WHEELING, W.Va. (WTRF) – “If people can learn from someone in history to have empathy for others, they can do the same thing in the present.” 

This is the message behind the Ohio County Public Library’s Civic Empathy exhibit in collaboration with the Heinz History Center of Pittsburgh. 

Of these 15 sites throughout Western Pennsylvania and Wheeling, one artifact containing Civic Empathy related content is the center of each display.  

The Ohio County Public Library’s centerpiece is Harry Jones’ Twentieth man Speech – describing how Wheeling in 1936 was actually two cities side by side, but completely separate.
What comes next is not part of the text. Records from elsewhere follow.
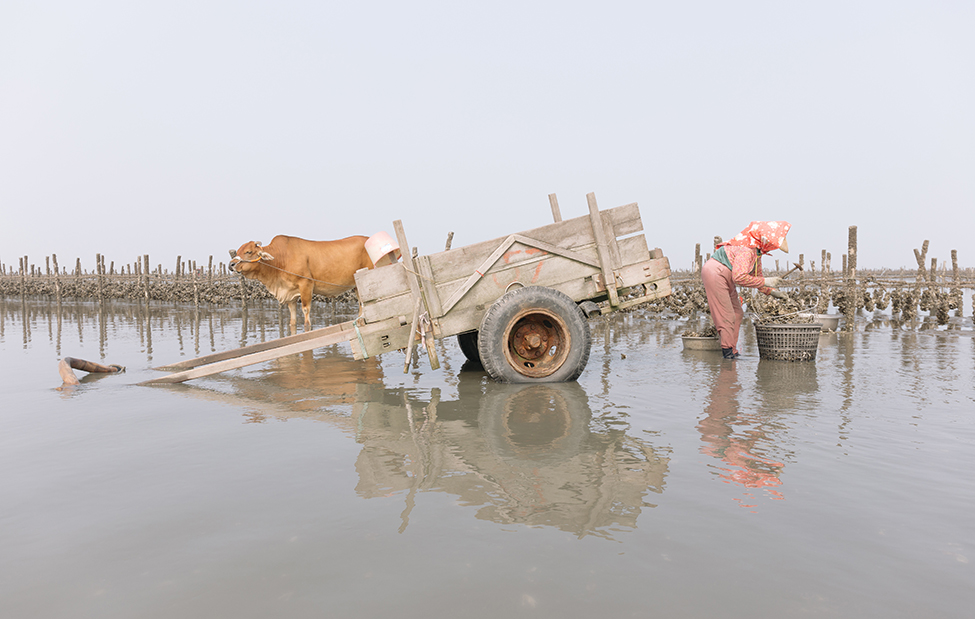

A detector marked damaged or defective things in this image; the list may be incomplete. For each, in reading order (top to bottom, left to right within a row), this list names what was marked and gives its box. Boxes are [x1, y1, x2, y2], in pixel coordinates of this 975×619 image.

rusty wheel [476, 286, 592, 382]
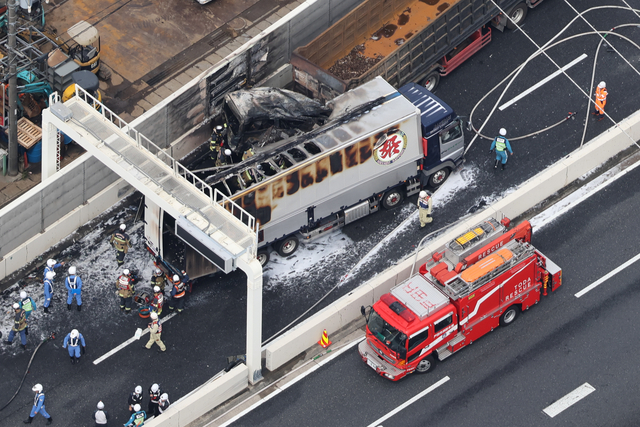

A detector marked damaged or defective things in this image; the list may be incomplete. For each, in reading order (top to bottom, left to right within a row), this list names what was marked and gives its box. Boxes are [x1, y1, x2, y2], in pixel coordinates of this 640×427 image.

burned trailer roof [225, 87, 332, 127]
burned truck [201, 76, 464, 264]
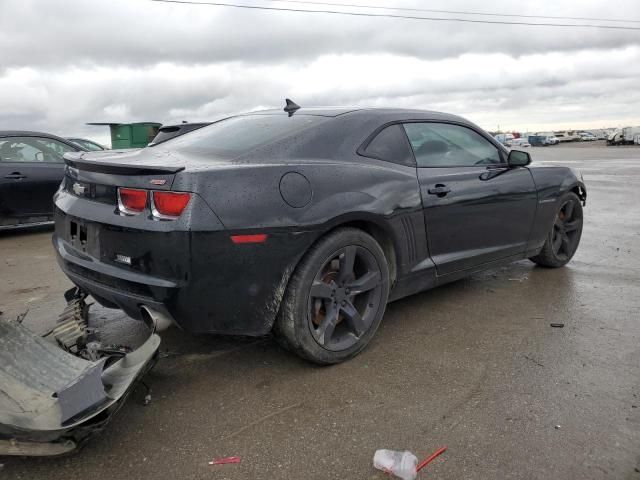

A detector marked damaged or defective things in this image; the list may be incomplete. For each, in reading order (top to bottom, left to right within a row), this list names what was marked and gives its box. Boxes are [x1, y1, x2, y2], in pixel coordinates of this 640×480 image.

damaged rear bumper [0, 302, 159, 456]
detached bumper cover on ground [0, 316, 160, 456]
”The speech he gave on WWVA Radio, which the exhibit explains, details what segregation was like in Wheeling when there were a separate black community, and a white community and black people were not welcome in white businesses, so he goes into detail in that speech which is sort of a document that recorded what was called Jim Crow segregation. So, the whole exhibit explores different aspects of segregation.”

Sean Duffy – Programming Coordinator/Local History Specialist, Ohio County Public Library

Bringing awareness to this time in history is the centerpiece of the exhibit, and what better way to do that than to create a similar piece for the present day with a present figure. 

Ron Scott Jr. Of the Wheeling YWCA was asked by the library to not only be the voice of the original 20th Man speech for the exhibit, but to be the face for the future of what this display will be through a speech of his own describing 21st century Wheeling. 

”It, kind of, knocks the dust off of history. It doesn’t seem like something archaic that you’re going to learn about and like really have to process your mind to grasp. These are people who are talking about things that you can actually experience, places you can go and see, and then when they let me be involved, I can try to be some sort of a bridge that links this old stuff, to this new stuff and let you know things haven’t changed that much and I’ll show you how some ways things have changed immensely.”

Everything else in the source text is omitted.